3. Clubhouse Offer Only Strategy
One thing I can’t stress enough when it comes to selling online products is urgency.
Without a firm deadline and sense of urgency, people won’t take action on your offer. That’s why you (and everyone else) have items in your Amazon Wishlist that have been sitting there for months or years without purchasing.
But when you have a limited time window, it gets people into action mode.
For example, a few creators I know pitch a middle-priced offer ($297 to $497 roughly) for people who joined their room.
Here’s the catch - it’s only available for 24 hours to the people who are in your room.
My only piece of advice with this strategy is to not say an offer is going to be live for 24 hours and then extend it (or offer to more people). This kind of marketing tactic gives digital marketing a bad name and you’ll lose tons of trust with your audience.
Always be integral with your offers!
4. Assess and Analyze (Listen and Learn Strategy)
Clubhouse is a goldmine to learn about your audience.
While a lot of people used to go stalk Facebook groups and forums, Clubhouse is a much better way to learn more about your ideal clients.
This strategy is all about learning more than anything else.
While I make a direct pitch in the first strategy, this one is great for people who are just starting out. If you’re not yet locked in on who your audience is and what they need, use this strategy first.
You can host rooms or join others on related topics and simply listen and take notes. Learn what is holding people back and identify their goals, problems, and anything else that is relevant. This will then help you to create free and paid offers that speak directly to your audience.
Once you have enough information about your market, then you can create an offer that they want and need.
5. LinkedIn Strategy
The final strategy to turn your Clubhouse popularity into other forms of your business is using LinkedIn.
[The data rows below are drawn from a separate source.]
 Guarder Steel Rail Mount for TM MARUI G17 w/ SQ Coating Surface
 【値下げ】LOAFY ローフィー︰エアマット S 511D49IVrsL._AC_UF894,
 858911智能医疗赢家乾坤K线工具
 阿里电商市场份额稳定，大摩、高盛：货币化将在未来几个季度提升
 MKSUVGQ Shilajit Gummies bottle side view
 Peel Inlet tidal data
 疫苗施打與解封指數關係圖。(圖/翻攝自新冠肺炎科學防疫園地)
While often forgotten about in the myriad of social media platforms, it’s a hidden goldmine for so many entrepreneurs.
The users of LinkedIn often have a much higher income than most platforms (like Instagram) and offer something most platforms don’t. With LinkedIn, you can see who viewed your profile and then reach out to them directly (unlike Facebook, TikTok, etc.)
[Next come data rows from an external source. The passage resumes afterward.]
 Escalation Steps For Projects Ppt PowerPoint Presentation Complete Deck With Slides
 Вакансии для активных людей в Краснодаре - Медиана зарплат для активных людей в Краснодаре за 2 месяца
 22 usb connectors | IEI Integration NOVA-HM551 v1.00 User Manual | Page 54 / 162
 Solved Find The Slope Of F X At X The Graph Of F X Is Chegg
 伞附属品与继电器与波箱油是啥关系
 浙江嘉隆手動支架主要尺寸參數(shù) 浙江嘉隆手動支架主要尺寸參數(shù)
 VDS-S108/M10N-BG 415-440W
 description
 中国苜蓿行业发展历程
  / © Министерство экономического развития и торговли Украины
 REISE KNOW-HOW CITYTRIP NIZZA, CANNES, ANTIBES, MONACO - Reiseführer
Once you see who views your profile, you can set up a messaging funnel to keep the conversation going.
In one of your first messages, make sure to thank them and also ask if Clubhouse was a referral source in finding your profile. Some people in my Clubhouse rooms have said 50% of people come straight from Clubhouse!
From there, you can invite them to a monthly community call where they need to enter the email. Or, you can do Linked Lives to share more value and then invite them to join your email list as well.
Clubhouse is surging in popularity and can’t recommend it enough. Test out several of these options as there is no one right way and it is 100% dependent on you and your audience.
But don’t just grow your presence on the platform without also growing your email list too.
Remember, the money is still in the list!
It all starts with taking your followers and turning them into subscribers. But don’t forget to also provide insane value in each room and use one or several of these strategies to keep growing your email list.
Then, set up a regular schedule and reward your subscribers from time to time to keep them excited to be a part of your community.